Quantitative reverse transcription-polymerase chain reaction (qRT-PCR). Cells were harvested and total RNA was extracted using the RNAiso Plus (TaKaRa, Tokyo, Japan) according to the manufacturer's instructions. cDNA was synthesized using 2 μg total RNA, oligo (dT) primers (Macrogen, Seoul, Republic of Korea), and M-MLV reverse transcriptase (Invitrogen). qRT-PCR was carried out using a TOPreal™ qPCR 2x Pre MIX SYBR-Green kit (Enzynomics, Daejeon, Republic of Korea) with a CFX96 Real –Time PCR System (Bio-Rad, Hercules, CA, USA). The following primers were used for PCR: E-Cadherin: forward: 5’-TTCTGCTGCTCTTGCTGTTT-3’, reverse: 5’-TGGCTCAAGTCAAAGTCCTG-3’; N-cadherin: forward: 5’-ATTGGACCATCACTCGGCTTA-3’, reverse: 5’-CACACTGGCAAACCTTCACG-3’; vimentin: forward: 5’-TGTCCAAATCGATGTGGATGTTTC-3’, reverse: 5’-TTGTACCATTCTTCTGCCTCCTG-3’; glyceraldehyde 3-phosphate dehydrogenase (GAPDH): forward: 5’-ATGGGGAAGGTGAAGGTCG-3’, reverse: 5’-CCATGTAGTTGAGGTCAATGAAG-3’). PCR conditions were 95°C for 10 min, followed by 35 cycles at 95°C for 10 s, 60°C for 30 s, and 72°C for 30 s. Dissociation curves were checked routinely to confirm specific amplification of PCR products. For this process, reaction mixtures were incubated at 95°C for 60 s and then ramped from 60 to 95°C at a heating rate of 0.1°C/s, with fluorescence measured continuously. Relative gene expression was calculated according to the comparative Ct method using GAPDH.
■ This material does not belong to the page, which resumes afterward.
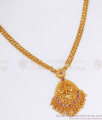 Light Weight Gold Imitation Necklace Lakshmi Design NCKN2724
Wound-healing assay. To study differences in migration between AGS/FR and AGS/D cells, cells (3×104) were seeded into 12-well plates and cultured to 90-95% confluence. The cell layer was scratched with a sterile 200 μl pipette tip through the confluent monolayer and washed with PBS to remove cell debris. The cells were then cultured in RPMI-1640 medium without FBS at 37°C in a humidified chamber with 5% CO2. The scratched wounds were observed using an Axiovert 200 (Carl Zeiss) microscope just after scratching and 24 h after scratching. Photographs were captured to evaluate the level of migration in each group of cells, and wound areas were assessed using Image J software (National Institutes of Health, Bethesda, MD, USA).
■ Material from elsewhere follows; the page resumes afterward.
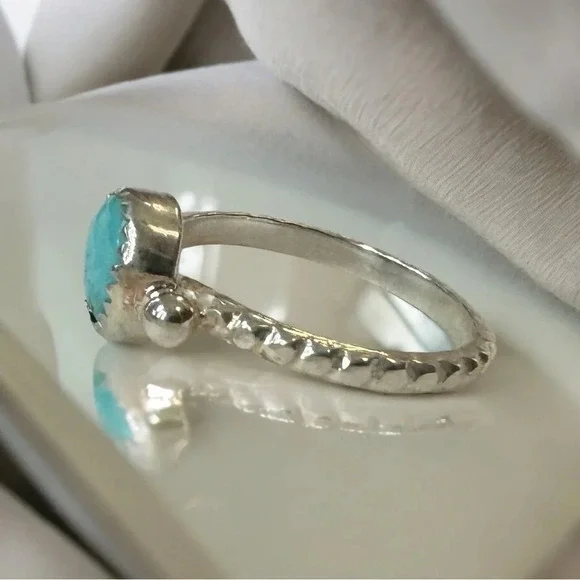 Robin’s Egg Turquoise Sterling Silver Ring (8)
Cell growth assay. Cell growth was determined by seeding 12-well plates with 5×103 cells/well in triplicate and allowing them to grow for 120 h. Every 24 h, the cells were trypsinized and counted using a hemocytometer. The doubling time (Td) of each cell line was calculated according to the formula: Td=Δt×lg2/(lgNt− lgN0); where N0 was the cell number at the beginning of the experiment, Nt the cell number at the end, and Δt was the time from N0 to Nt.
Flow cytometric analysis of the cell cycle. Cells were cultured in RPMI-1640 medium supplemented with 10% fetal bovine serum for 48 h. The cells were harvested, washed with ice-cold phosphate-buffered saline, and fixed by dropwise addition of 70% ethanol. The fixed cells were stained with 50 μg/ml propidium iodide (Sigma-Aldrich) solution containing 10 μg/ml RNase A (Invitrogen, Carlsbad, CA, USA). The cell-cycle profile was assessed for 10,000 cells by flow cytometry using a FACS Canto II (Becton-Dickinson, San Jose, CA, USA).
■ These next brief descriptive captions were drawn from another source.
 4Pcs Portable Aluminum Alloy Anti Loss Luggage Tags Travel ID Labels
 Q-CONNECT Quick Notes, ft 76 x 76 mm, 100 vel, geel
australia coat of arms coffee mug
Western blot analysis. Cells were lysed in radioimmunoprecipitation assay buffer containing 0.1 mM NaF, 0.02 mM phenylmethyl-sulphonyl fluoride, 0.01 mM Na3VO4, 0.1 μg/ml pepstatin, and 0.1 μg/ml leupeptin. The cell lysate was mixed with 5× loading buffer and heated at 95°C for 5 min. Samples were separated by electrophoresis on 12% sodium dodecyl sulfate polyacrylamide gels and the separated proteins were transferred to a polyvinylidene fluoride membrane (Millipore, Billerica, MA, USA). Membranes were incubated overnight at 4°C with rabbit anti-p21 (1:500; Santa Cruz Biotechnology, Dallas, TX, USA), rabbit anti-p57 (1:500; Santa Cruz Biotechnology), mouse anti-cyclin D1 (1:500; Santa Cruz Biotechnology), rabbit anti-vimentin (1:500; Cell Signaling Technology, Danvers, MA, USA), rabbit anti-E-cadherin (1:500 Cell Signaling Technology) or rabbit anti-N-cadherin (1:500 Cell Signaling Technology). Following incubation with horseradish peroxidase-conjugated anti-rabbit (1:3000; Cell Signaling Technology) or anti-mouse (1:3000; GeneTex, Irvine, CA, USA) secondary antibodies, protein bands were visualized using an ECL detection system (Amersham, Uppsala, Sweden) followed by membrane exposure to X-ray film (Agfa, Mortsel, Belgium). Antibody specific to β-actin (1:2000; Cell Signaling Technology) was used to confirm comparable loading between gel lanes. The density of each protein band was quantified using image J software (National Institutes of Health).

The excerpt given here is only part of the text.